The Mental States of Aggressors: A Biopsychosocial Analysis of Workplace Violence Reports in Hospitals
Ricardo Diego Suárez Rojas, Dean Hashimoto, Erika L. Sabbath

TL;DR
This study explores the mental states of aggressors in hospital workplace violence to improve prevention and support strategies.
Contribution
The paper introduces a novel middle-range theory and mixed-methods approach to differentiate between involuntary and unremorseful aggression.
Findings
WPV incidents increased by 212.4% from 2020 to 2021 and remained high afterward.
Patient/visitor aggression accounted for 93% of incidents, with physical violence being most common.

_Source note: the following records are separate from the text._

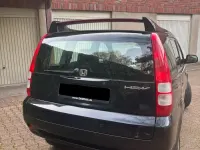 Usata Honda HR-V LS 105 CV (77 kW) 2002 Nero SUV
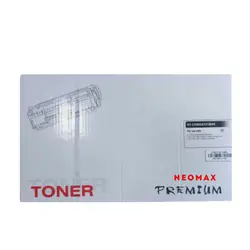 Тонер касета, NEOMAX, универсална, Black, висок капацитет – съвместима с HP LaserJet CE505X/CF280X и Canon CRG-719H (CRG719H), CR3480B002AA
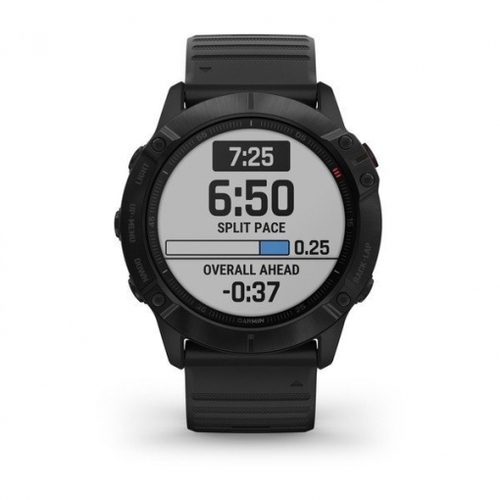 GARMIN FENIX 6X PRO Negro - Reloj Deportivo 51MM GPS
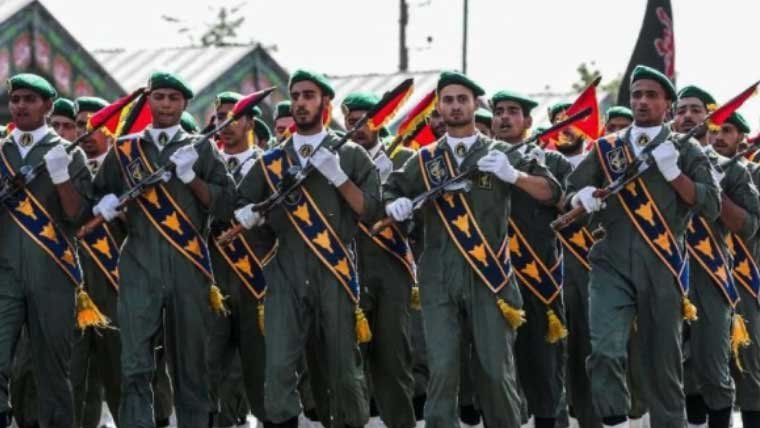 زمینی حملے کی صورت میں دشمن کا قبرستان بن جائیں گے: پاسداران انقلاب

Differentiating aggression types offers actionable insights for de-escalation and support strategies.
Abstract
Workplace violence (WPV) in hospitals worldwide has been on the rise for the last decade, marked by increased verbal and physical aggression. From a biopsychosocial perspective, we conceptualize aggressors' mental states as their control (or lack of) of an impulse across their life course. To contribute to violence prevention, our study synthesizes theoretical assumptions and organizational analysis. An exploratory sequential mixed‐methods design analyzed 2634 WPV narratives from two hospitals in a large city in the Northeastern United States of America (2019–2023). Narratives were coded for “involuntary mental states” (e.g., dementia, delirium, lack of inhibition) and “unremorseful attitudes” (denial, minimization, justification without medical causation). Quantitative analysis identified patterns within these categories, types of violence, and safety responses. WPV incidents…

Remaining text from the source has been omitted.